With night crawlers it would probably be hard and messy so I probably wouldn't try. IF you want to stuff food with pellets i'd do something like shrimp. I've used shrimp and smelt and they can both be stuffed with pellets farily easily if you cut a little pocket for the pellets


----------



## JeFFLo

CLUSTER ONE said:


> With night crawlers it would probably be hard and messy so I probably wouldn't try. IF you want to stuff food with pellets i'd do something like shrimp. I've used shrimp and smelt and they can both be stuffed with pellets farily easily if you cut a little pocket for the pellets


my p is only eating live foods at the moment. i haven't had any luck in getting him to eat anything else. i've read that feeding nightcrawlers vegetables and soak them in vitamins for a week or two would be beneficial. is this true?


----------



## CLUSTER ONE

Gutloading is for live foods, vitamin enrichment liquids are for dead foods


----------



## FEEFA

How long did you starve the p for? It will eventually eat anything but you will have to starve him possibly a week or more.
Try a variety of foods daily ie shrimp tilapia haddock etc, leave it in for 20min and if he doesnt eat than remove it. Try this every night with frozen food and it will be eating in notime.

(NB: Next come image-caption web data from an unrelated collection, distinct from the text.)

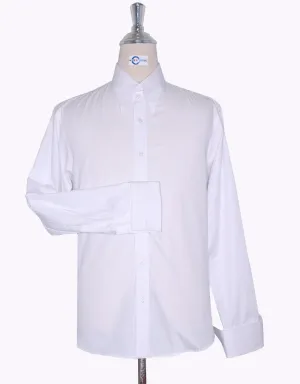 Vintage Style White Tab Collar Shirt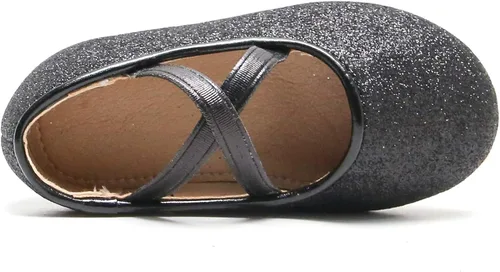Vista 3 de Otter MOMO Zapatos planos de bailarina para niña, con lazo decorativo, ideales para llevar con vestido y combinan bien con flores, para escuela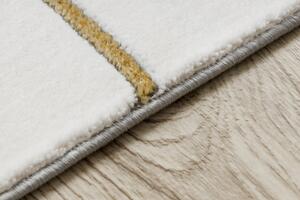 Makro Abra Kusový koberec EMERALD 1012 Luxusní geometrický krémový zlatý Rozměr: 80x150 cm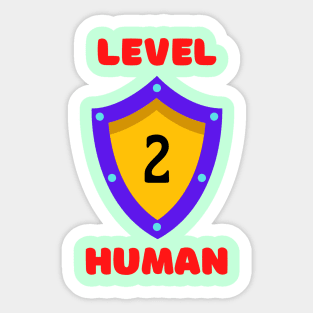 Funny Gaming - Level 2 Human Sticker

How big is the fish? The bigger they are the harder it will be to get them on pellets so just focus on having him eat frozen thawed food for now


----------



## JeFFLo

the fish is 6" i starved him for about a week. i tried feeding him silversides every night on a BBQ stick but he wouldnt eat it. yesterday i found a earthworm so i left it in there and it was gone when i came back. so i purchased some nitecrawlers and now im thinking to stuff em with pellets and soak the dirt that their in with vitamins.


----------



## Smoke

It's not really clear what you're trying to accomplish by stuffing nightcrawlers with pellets, or the vitamins... Are you trying to get him to eat non-live-fish and processed-foods all in one shot? Sounds like you should first try to get him to eat non-live-fish/non-live, then once he's used to it, try incorporating the processed foods if that's what you want. First of all, I can't even imagine trying to stuff a pellet into a nightcrawler...have you really looked at nightcrawlers?

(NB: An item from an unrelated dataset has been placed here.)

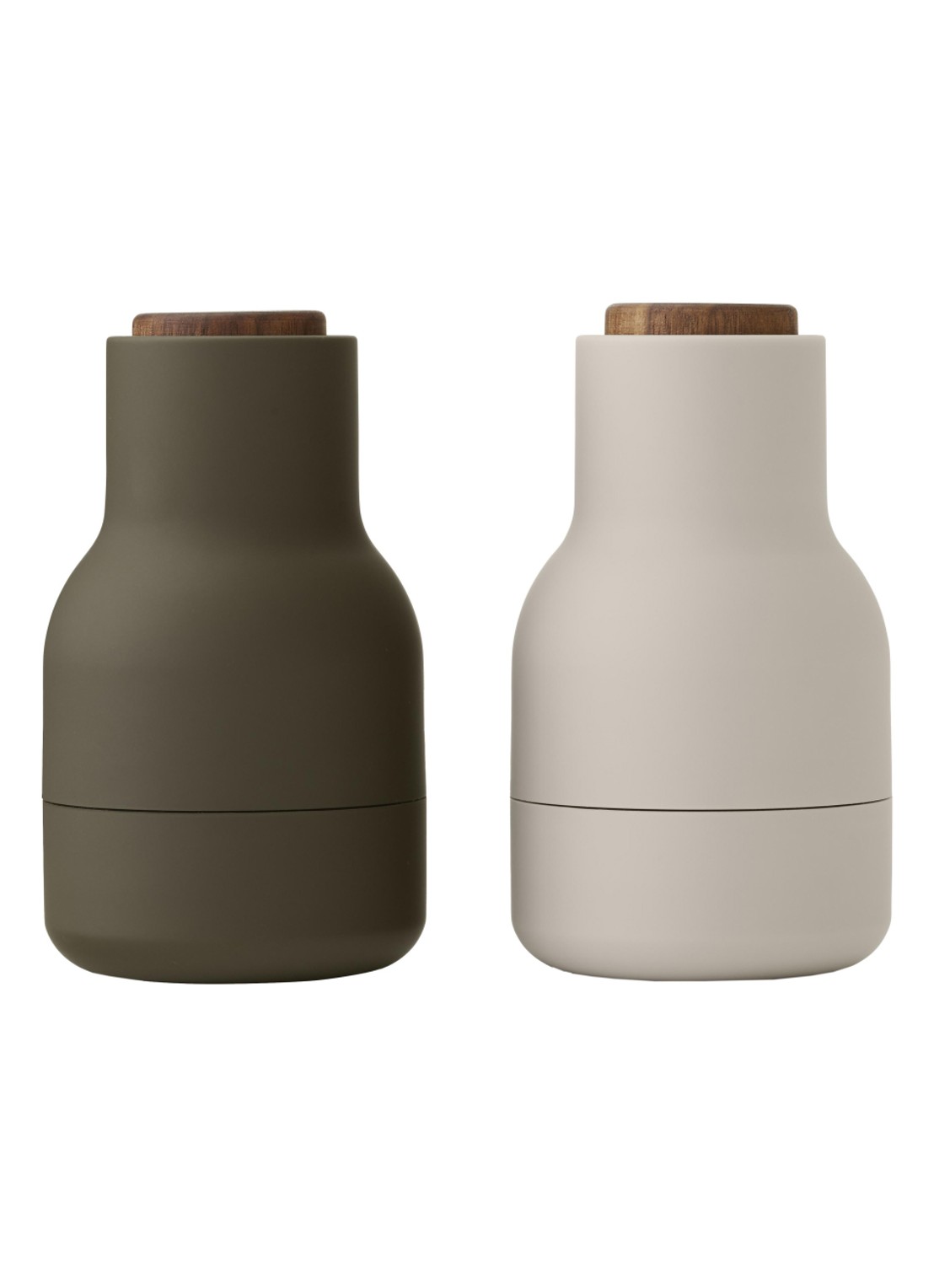 Audo Copenhagen Bottle Grinder Small peper- en zoutmolen set van 2  - voorkant bronsgroen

But stuffing a pellet into a shrimp or piece of tilapia sounds more realistic to me.

And trying to feed it with a BBQ skewer? I doubt that the P will willingly do that initially, even if starved... If provoked, I can see it taking a couple snaps at it, but I don't see it just coming up out of the blue and eating off a skewer... I think you should first get it used to eating those foods, and then slowly incorporate the skewer feeding method over time... At least that's what I would do.

Also, just because the nightcrawler disappeared when you left and came back doesn't mean it was eaten. IF you have substrate, they will dig into the substrate and go hiding in there... and they can last for quite a few days believe it or not.

Good luck.


----------



## JeFFLo

yeah i definitely gotta get him on the non-live foods. my goal at the moment was to get him the best nutrition as possible while feeding him live food since that's all hes eating at the moment.

actually what i did with the worm was stuck a needle w/ thread through it and hung it from the top. when i came back nothing was attached except the tip where the thread had been attached.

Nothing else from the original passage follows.